The Liberals then have picked up McDowall, which they never should have lost, and may yet gain East Brisbane, Runcorn and Acacia Ridge depending on how the postal and absentee votes go. So while the Liberals might end up doing as well as 12-14, a much less flattering outcome of 9-17 is most likely. This means that for the first time Brisbane will have a Liberal Lord Mayor facing a hostile council. The Poll Bludger will not pretend to have any idea what the implications of this might be – some sort of 1975-style supply deadlock, perhaps. A few features of the result are worth noting however. Greens mayoral candidate Drew Hutton topped 10 per cent, a pretty fair effort and one that would have him confident of success in his run for the Senate later this year. The Greens also did notably well in one of Labor’s safest wards, Dutton Park, where their candidate Ben Pennings topped 25 per cent. The other notable non-major party performer was Paul Brooks, who polled 18 per cent as an independent in Wynnum-Manly. Council opposition leader Margaret de Wit can take satisfaction in comparing her 9 per cent swing in Pullenvale with the 3 per cent achieved by her factional nemesis Michael Caltabiano in Chandler. De Wit unseated Caltabiano from the leadership position during the last term and was reportedly persuaded to step down from a preselection challenge to federal Ryan MHR Michael Johnson after a threatened counter-attack against her own preselection for council. Labor suffered a major swing in Richlands, presumably because independent George Pugh’s 21.5 per cent vote from 2000 was made up of disgruntled Liberals who have now returned to the fold. Pugh ran again but could only manage 9 per cent this time.

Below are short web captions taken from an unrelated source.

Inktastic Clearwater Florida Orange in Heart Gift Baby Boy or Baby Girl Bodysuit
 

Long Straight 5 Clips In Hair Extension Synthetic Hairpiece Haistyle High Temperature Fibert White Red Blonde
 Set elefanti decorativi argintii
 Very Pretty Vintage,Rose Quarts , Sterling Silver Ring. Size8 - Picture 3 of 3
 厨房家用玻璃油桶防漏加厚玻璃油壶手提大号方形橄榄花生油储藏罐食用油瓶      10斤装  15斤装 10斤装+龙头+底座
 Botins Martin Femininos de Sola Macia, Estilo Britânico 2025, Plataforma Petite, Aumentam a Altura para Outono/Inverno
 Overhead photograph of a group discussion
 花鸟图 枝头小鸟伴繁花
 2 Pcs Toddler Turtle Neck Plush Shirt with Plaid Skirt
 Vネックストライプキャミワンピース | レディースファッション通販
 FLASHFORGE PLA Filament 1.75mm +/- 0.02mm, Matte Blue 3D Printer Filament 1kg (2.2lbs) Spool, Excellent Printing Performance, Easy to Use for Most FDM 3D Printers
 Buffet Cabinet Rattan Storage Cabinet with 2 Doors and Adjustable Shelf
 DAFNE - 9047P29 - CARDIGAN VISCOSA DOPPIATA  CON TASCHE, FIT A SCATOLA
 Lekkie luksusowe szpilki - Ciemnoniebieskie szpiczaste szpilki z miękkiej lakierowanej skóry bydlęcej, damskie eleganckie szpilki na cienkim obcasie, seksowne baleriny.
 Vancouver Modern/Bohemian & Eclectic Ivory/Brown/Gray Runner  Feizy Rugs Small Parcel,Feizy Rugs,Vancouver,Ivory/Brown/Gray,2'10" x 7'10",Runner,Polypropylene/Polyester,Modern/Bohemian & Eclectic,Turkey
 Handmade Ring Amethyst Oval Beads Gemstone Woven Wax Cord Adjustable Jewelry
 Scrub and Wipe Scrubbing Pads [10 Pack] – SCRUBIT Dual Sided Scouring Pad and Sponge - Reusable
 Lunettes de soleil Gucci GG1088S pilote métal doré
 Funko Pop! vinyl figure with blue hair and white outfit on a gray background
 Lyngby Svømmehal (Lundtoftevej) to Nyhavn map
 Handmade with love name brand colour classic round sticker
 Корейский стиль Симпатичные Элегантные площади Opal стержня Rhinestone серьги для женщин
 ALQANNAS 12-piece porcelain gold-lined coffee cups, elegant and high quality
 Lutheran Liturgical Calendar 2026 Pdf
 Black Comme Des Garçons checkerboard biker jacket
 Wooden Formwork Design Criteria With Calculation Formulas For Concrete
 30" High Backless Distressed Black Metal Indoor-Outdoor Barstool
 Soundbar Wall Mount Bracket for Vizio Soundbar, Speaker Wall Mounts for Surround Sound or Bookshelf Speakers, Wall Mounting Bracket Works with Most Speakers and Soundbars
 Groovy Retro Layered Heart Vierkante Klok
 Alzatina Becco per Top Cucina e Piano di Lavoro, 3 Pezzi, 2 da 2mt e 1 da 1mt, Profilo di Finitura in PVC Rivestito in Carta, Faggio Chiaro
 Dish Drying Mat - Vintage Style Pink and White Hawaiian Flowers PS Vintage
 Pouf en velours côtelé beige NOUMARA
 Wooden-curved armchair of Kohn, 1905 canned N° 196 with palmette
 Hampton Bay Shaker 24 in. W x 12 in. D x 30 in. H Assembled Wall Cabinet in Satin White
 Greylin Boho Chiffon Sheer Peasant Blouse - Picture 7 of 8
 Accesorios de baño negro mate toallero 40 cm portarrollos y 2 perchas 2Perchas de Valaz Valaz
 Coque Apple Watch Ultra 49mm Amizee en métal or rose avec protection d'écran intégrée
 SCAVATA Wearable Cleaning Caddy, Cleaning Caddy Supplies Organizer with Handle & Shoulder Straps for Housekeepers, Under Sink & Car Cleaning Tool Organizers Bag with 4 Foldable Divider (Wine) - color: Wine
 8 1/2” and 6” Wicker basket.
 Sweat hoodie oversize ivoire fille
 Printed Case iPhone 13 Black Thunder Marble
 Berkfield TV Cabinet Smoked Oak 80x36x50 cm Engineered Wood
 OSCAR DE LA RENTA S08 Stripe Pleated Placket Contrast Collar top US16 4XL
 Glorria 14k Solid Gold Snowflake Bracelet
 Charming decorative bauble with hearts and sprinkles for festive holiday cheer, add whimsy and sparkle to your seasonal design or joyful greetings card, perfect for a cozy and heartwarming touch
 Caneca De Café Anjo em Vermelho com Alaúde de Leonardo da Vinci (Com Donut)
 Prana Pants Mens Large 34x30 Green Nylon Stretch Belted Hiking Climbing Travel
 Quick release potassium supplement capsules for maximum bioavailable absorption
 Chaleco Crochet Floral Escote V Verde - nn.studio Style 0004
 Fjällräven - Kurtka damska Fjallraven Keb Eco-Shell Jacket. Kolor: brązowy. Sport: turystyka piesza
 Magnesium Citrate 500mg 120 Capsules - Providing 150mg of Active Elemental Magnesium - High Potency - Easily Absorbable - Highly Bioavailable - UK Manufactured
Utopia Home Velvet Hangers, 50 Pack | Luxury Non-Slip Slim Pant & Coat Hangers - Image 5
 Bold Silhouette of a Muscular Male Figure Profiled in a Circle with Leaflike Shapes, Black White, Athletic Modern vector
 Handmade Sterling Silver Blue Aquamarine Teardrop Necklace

Brisbane of course was by no means the only scene of council election action on the weekend, with other noteworthy results in Queensland including Gold Coast Mayor Gary Baildon’s defeat by sporting legend Ron Clarke and a predictably humiliating outcome for the wildly controversial Alison Grosse in her quixotic tilt for re-election as Mayor of Maroochy (she polled 3.6 per cent). In Sydney Clover Moore, the independent MLA for Bligh, succeeded as expected in overcoming former Keating Government minister Michael Lee to be elected Lord Mayor of Sydney. Unfortunately this does not require her to abandon her seat in the Legislative Assembly, as the Poll Bludger is gagging for a by-election and Bligh is a most interesting electorate. Information from elsewhere in New South Wales is sketchy at this stage, but Labor has apparently done well in the western Sydney councils of Blacktown, Parramatta, Penrith and Campbelltown. See the post on Parramatta directly below for the likely significance (or otherwise) of a Labor resurgence in this area. This comes despite a backlash against Labor over the council mergers issue reported elsewhere, translating into strong showings for the Greens in the inner-city councils of Marrickville, Leichhardt and Ashfield. The Poll Bludger will also keep a lazy eye on the knife-edge battle for the Byron Bay mayoralty, with the Greens’ Jan Barham going down to the wire against independent Ross Tucker.